=== Data section ===

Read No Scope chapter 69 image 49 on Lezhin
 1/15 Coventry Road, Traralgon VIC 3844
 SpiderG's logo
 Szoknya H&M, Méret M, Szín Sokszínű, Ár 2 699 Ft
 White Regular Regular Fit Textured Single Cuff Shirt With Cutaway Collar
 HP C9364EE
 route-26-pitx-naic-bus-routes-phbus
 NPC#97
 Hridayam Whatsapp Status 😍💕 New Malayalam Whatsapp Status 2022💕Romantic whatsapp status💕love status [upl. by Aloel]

===

Task prompt: Give an exact copy of all the data shown above.

Answer to this exercise:
Read No Scope chapter 69 image 49 on Lezhin
 1/15 Coventry Road, Traralgon VIC 3844
 SpiderG's logo
 Szoknya H&M, Méret M, Szín Sokszínű, Ár 2 699 Ft
 White Regular Regular Fit Textured Single Cuff Shirt With Cutaway Collar
 HP C9364EE
 route-26-pitx-naic-bus-routes-phbus
 NPC#97
 Hridayam Whatsapp Status 😍💕 New Malayalam Whatsapp Status 2022💕Romantic whatsapp status💕love status [upl. by Aloel]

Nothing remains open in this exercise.